Find the line with "Differentialmethode zur Messung" in the entries below, then reproduce it and every line after it down to and including the line with "Biblioteka Narodowa) Zawartość", exactly.

───── Dataset records ─────

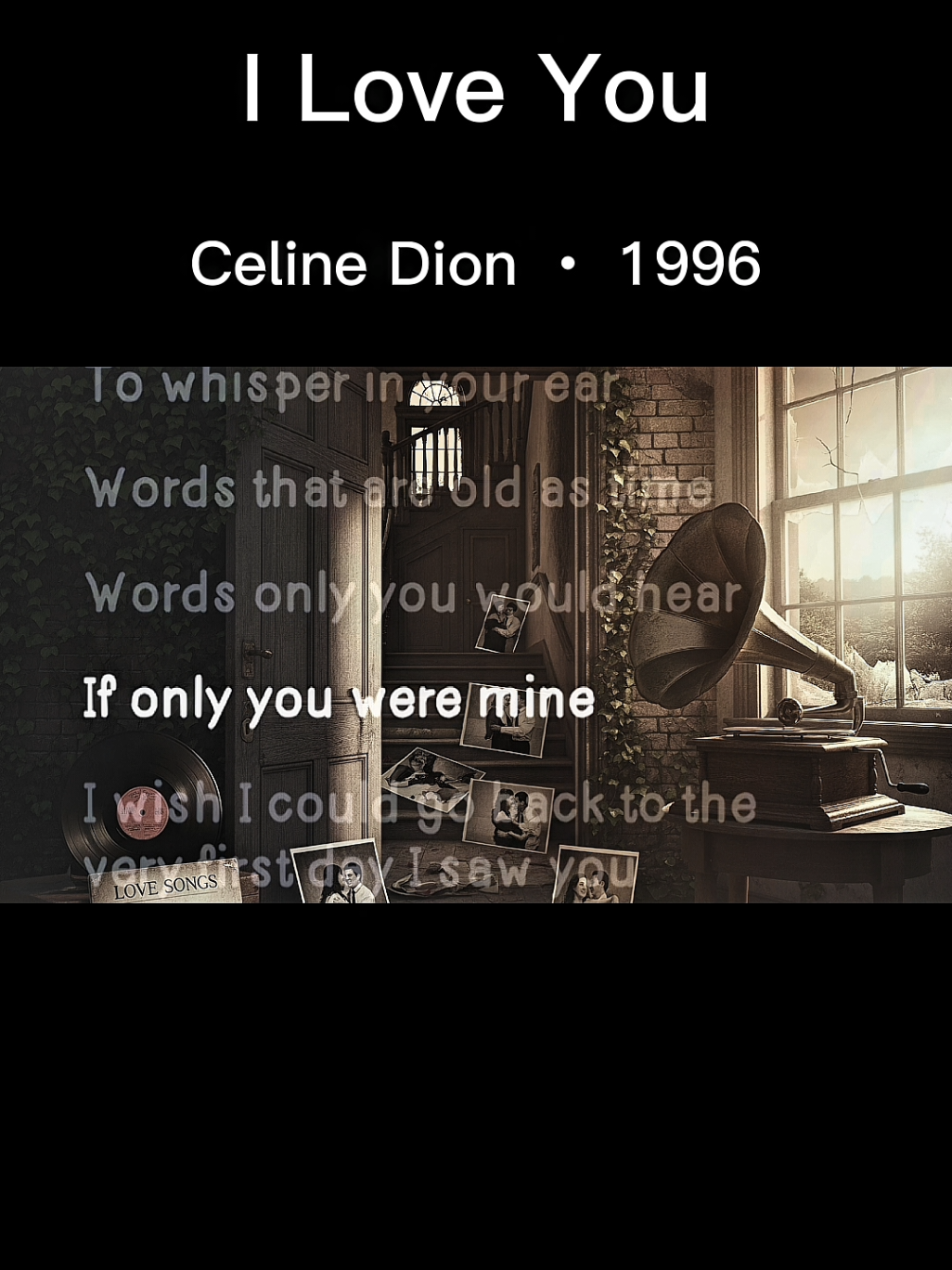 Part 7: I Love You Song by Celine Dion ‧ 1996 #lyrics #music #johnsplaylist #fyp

─────
───── Dataset records ─────

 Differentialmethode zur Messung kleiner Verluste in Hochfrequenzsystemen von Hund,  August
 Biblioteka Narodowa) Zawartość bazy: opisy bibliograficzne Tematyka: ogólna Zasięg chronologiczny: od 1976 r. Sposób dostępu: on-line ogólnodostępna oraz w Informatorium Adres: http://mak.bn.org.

─────
───── Dataset records ─────

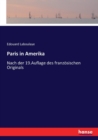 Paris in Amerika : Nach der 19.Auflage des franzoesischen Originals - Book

─────

- Answer space -
 Differentialmethode zur Messung kleiner Verluste in Hochfrequenzsystemen von Hund,  August
 Biblioteka Narodowa) Zawartość bazy: opisy bibliograficzne Tematyka: ogólna Zasięg chronologiczny: od 1976 r. Sposób dostępu: on-line ogólnodostępna oraz w Informatorium Adres: http://mak.bn.org.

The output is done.